En 1926 se levantaron en la ruta del Pacífico, desafiaron las bandas de esquiroles y las intimidaciones e intentos de soborno. Pararon los trenes desde Buenaventura hasta Armenia, llenaron la vía de banderas y ganaron a la postre el derecho a un día de descanso semanal y a una jornada diaria de ocho horas. En ese mismo año se solidarizaron con los braceros del río Magdalena y en 1927 con los petroleros de Barrancabermeja que repudiaban el saqueo imperialista de nuestras riquezas naturales. En 1928, el tesorero del comité de huelga del gran movimiento de las bananeras era Cristian Vengal, un trabajador ferroviario.

Son todas contiendas que enorgullecen a los obreros. Un operador de Berrío, hijo y nieto de maquinistas, narra con altivez que “En el desaparecido caserío de ‘El Reposo’ ondeaba otrora triunfante la bandera de los tres ochos, la bandera obrera que pedía ocho horas de trabajo, ocho de estudio y ocho de descanso”. Y en una de las estaciones de la ruta entre Medellín y el río Magdalena se lee: “Caracolí, tierra de luchadores”. De luchadores de aquellos que en 1934 se insubordinaron contra las hasta 18 horas de labor diaria en medio de un clima despiadado, contra la crueldad de los patronos, contra las condiciones miserables de vida y contra el ejército que en Medellín segó las vidas de sus compañeros Manuel Gutiérrez, José Márquez y Juvenal Osorio.

Tal fue la trayectoria que luego harían respetar y continuarían los trabajadores en los paros del 47, el 60, el 62, el 63, el 70 y el 75, en los cuales, pese a los camaradas presos, a los trenes lanzados contra ellos, a la represión, a la demagogia, a las camarillas traidoras, los huelguistas se mantuvieron erguidos hasta conquistar sus principales aspiraciones.

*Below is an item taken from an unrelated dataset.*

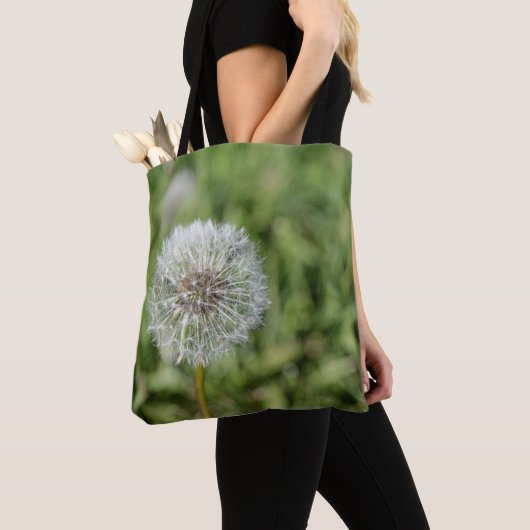 Blume aus weißem Löwenzahn auf grünem Gras Tasche (Von Nahem)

En 1978, un siglo después de su primer combate, las sub-directivas ferroviarias pelearon una vez más. El gobierno, desde hace décadas, les ha ilegalizado las huelgas y ha promovido el paralelismo sindical, sin lograr quebrantar su moral. Desde cuando se fundó la primera federación, controlada por agentes patronales, la oligarquía ha buscado constantemente someterlos. No obstante, a partir de 1975 iniciaron conscientemente su unificación contra el imperialismo y sus despóticos agentes nacionales. En 1980 lograron derrotar el oportunismo, al romper las cadenas que los ataban a la CTC, y optaron por un camino consecuente de defensa de los intereses nacionales. Declararon entonces que “sólo será posible un verdadero avance del ferro-transporte en una nación independiente y democrática que sea capaz de empuñar en sus manos las riendas de su destino”.

Los obreros que así se expresan encarnan lo más promisorio y vital del pueblo. Son la sangre del país, su fuerza, su futuro. En ellos se concentra el papel histórico de los proletarios colombianos; fogoneros del progreso, fogoneros de la historia, fogoneros de la revolución.